- _TASK DIRECTIONS_
Print exactly the lines below between the line containing "Property at 352" and the line containing "Foto del edificio - 5071-5073 55th St", counting both of those lines. Leave pictures out.

- _EXCERPTED DATA_
##############################
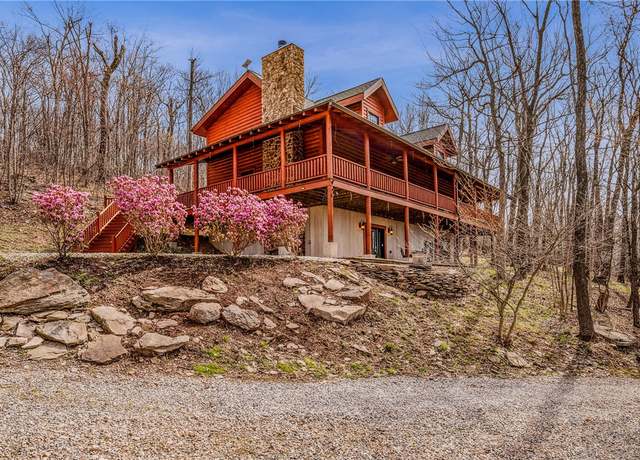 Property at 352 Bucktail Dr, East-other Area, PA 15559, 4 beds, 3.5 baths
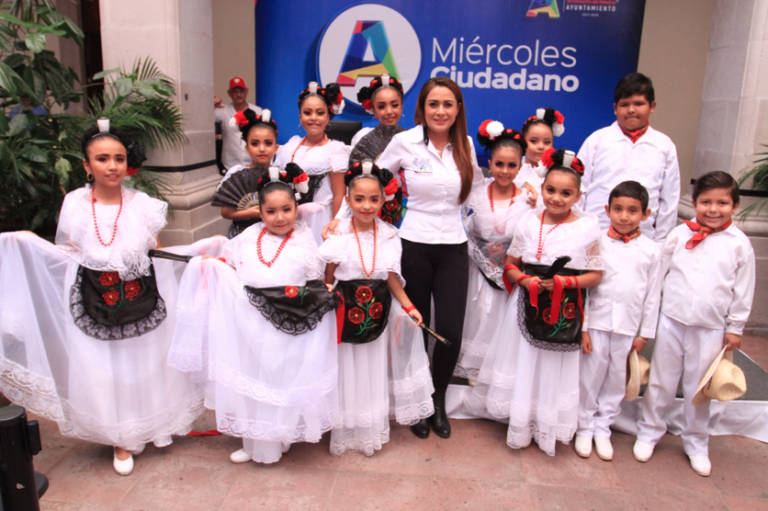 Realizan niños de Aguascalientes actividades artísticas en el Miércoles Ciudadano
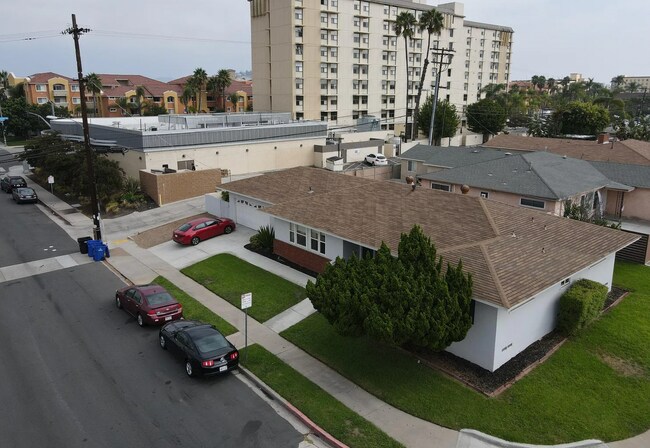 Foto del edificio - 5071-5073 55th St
##############################
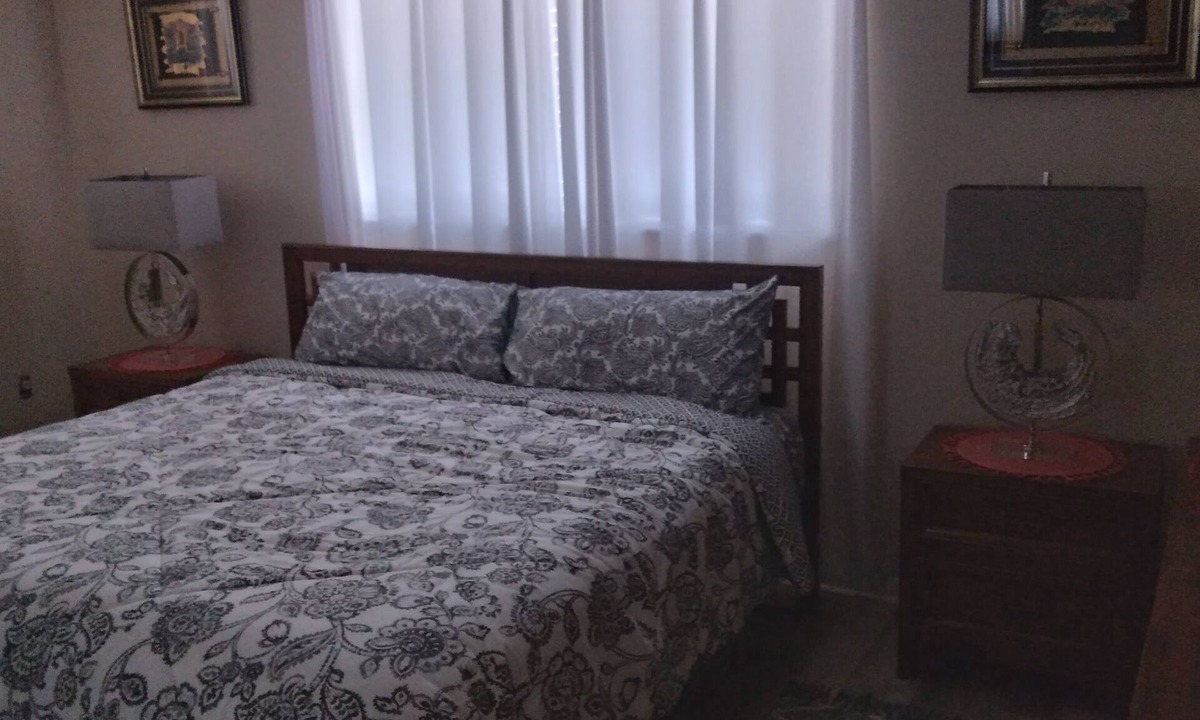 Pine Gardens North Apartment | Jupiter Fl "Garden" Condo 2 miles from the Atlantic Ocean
##############################
- _ANSWER TO THE EXERCISE_
 Property at 352 Bucktail Dr, East-other Area, PA 15559, 4 beds, 3.5 baths
 Realizan niños de Aguascalientes actividades artísticas en el Miércoles Ciudadano
 Foto del edificio - 5071-5073 55th St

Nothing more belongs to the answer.